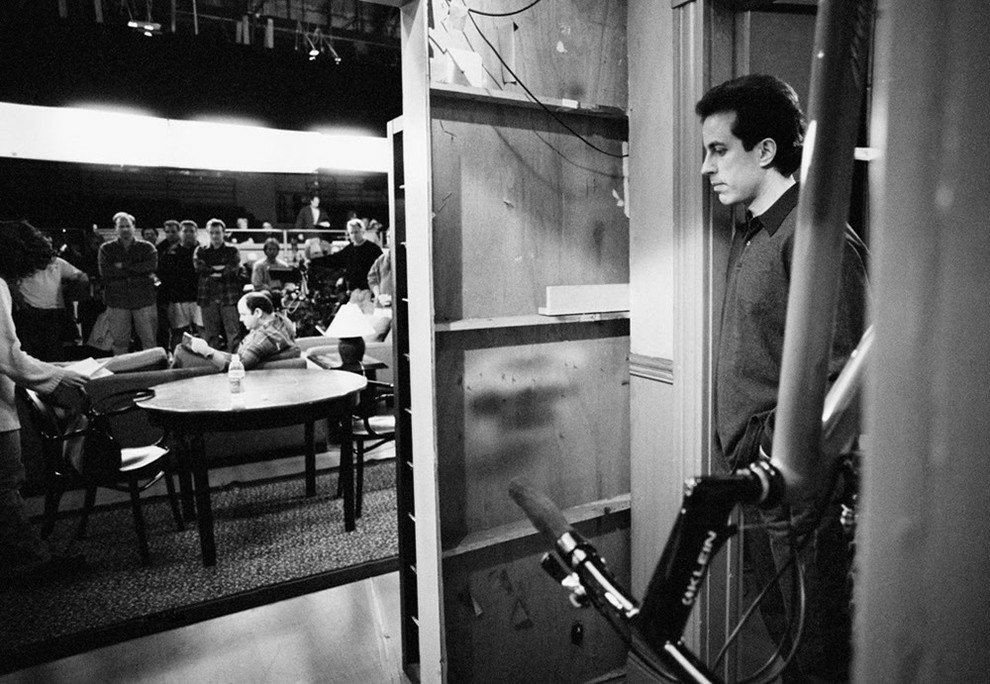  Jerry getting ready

· · · · ·

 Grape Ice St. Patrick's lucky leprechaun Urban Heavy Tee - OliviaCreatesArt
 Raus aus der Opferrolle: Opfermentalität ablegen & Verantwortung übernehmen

· · · · ·

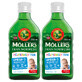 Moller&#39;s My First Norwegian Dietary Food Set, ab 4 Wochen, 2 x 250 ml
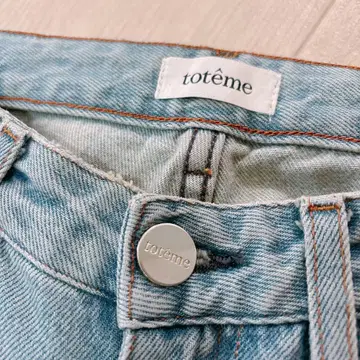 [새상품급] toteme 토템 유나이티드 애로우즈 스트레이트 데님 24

· · · · ·

What this task involves.
Retype exactly the span of lines from the one with "Grape Ice St." through the one with "Raus aus der"; include both ends and omit the rest of the material.

Solution to this problem.
 Grape Ice St. Patrick's lucky leprechaun Urban Heavy Tee - OliviaCreatesArt
 Raus aus der Opferrolle: Opfermentalität ablegen & Verantwortung übernehmen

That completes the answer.